## What to work on
Below is a listing; retype exactly the line with "Red Velvet Cheesecake Bites" and every line after it through the end, and only those, leaving out the pictures.

## Given information
────
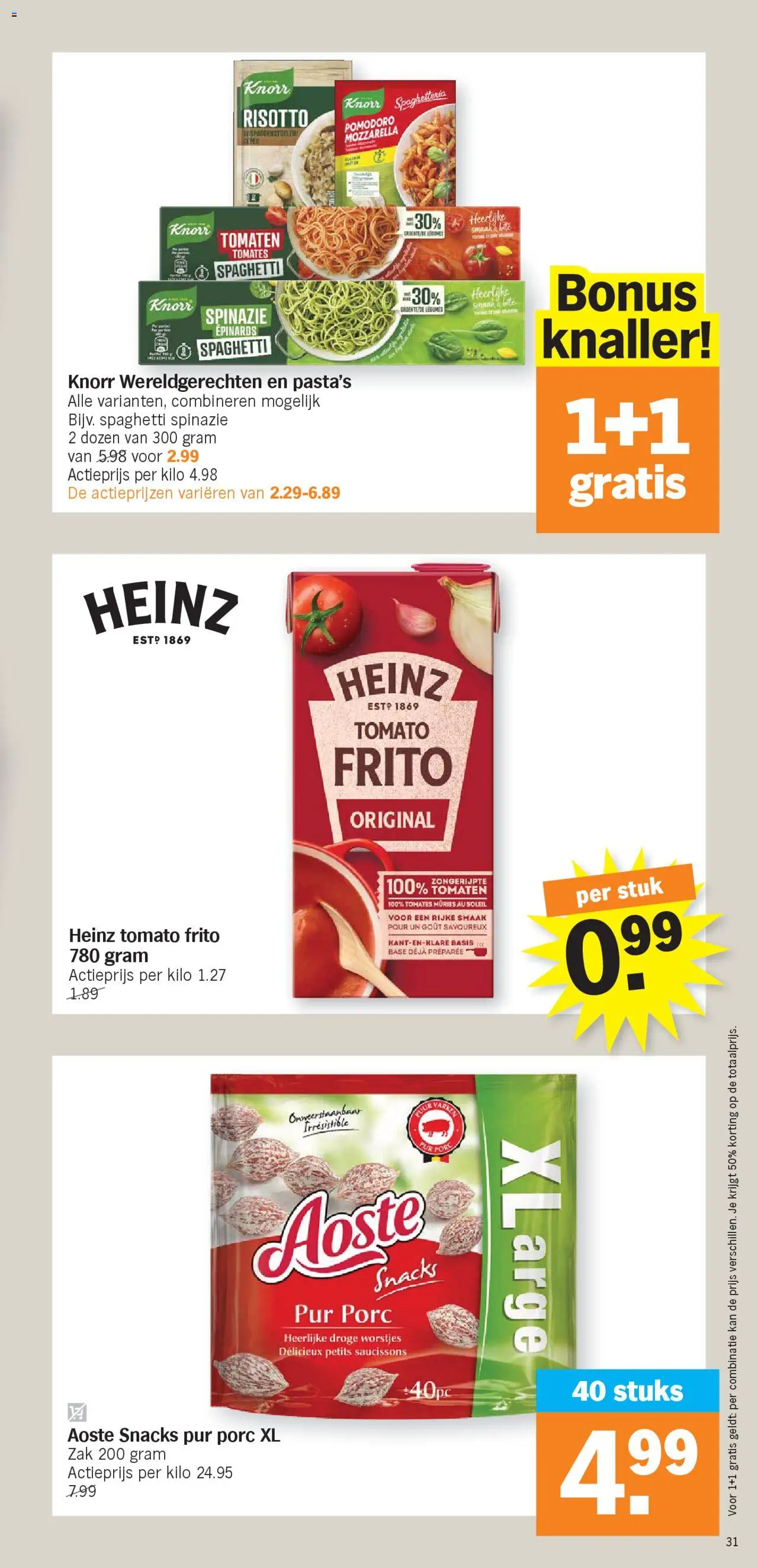 {H1} | Pagina: 31 | Producten: Zak, Mozzarella, Snacks, Kan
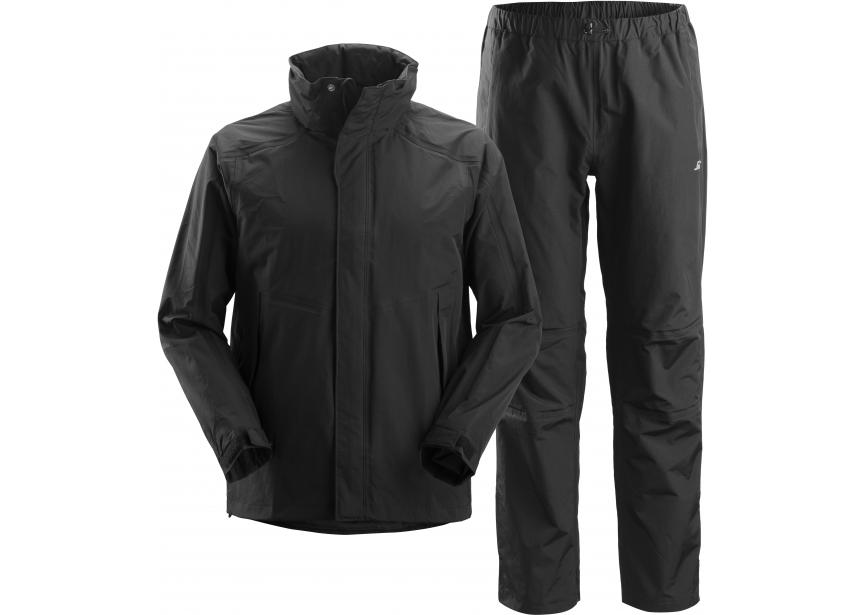 Regenpak 8378-0400-005 M zwart (polyamide vest + broek in tas)
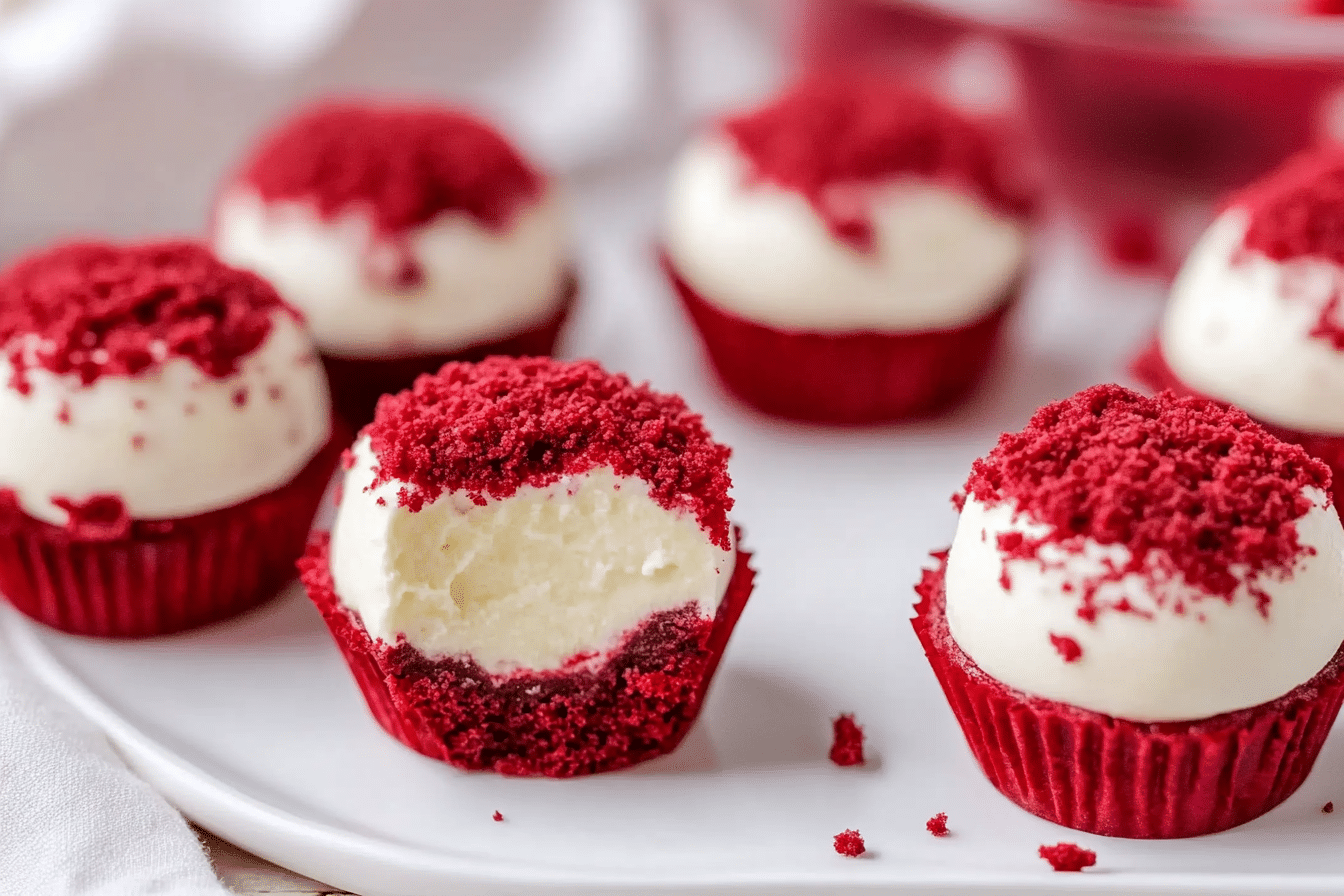 Red Velvet Cheesecake Bites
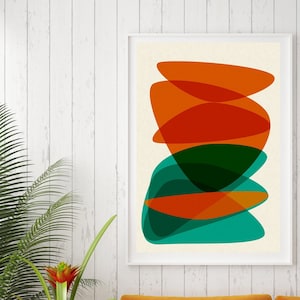 Retro Mid-Century Modern Wall Prints, Abstract, Vintage Modern, Eames Style, Danish Modern, Midcentury Art, 1950s, 1960s, 1970s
────
## Written solution
 Red Velvet Cheesecake Bites
 Retro Mid-Century Modern Wall Prints, Abstract, Vintage Modern, Eames Style, Danish Modern, Midcentury Art, 1950s, 1960s, 1970s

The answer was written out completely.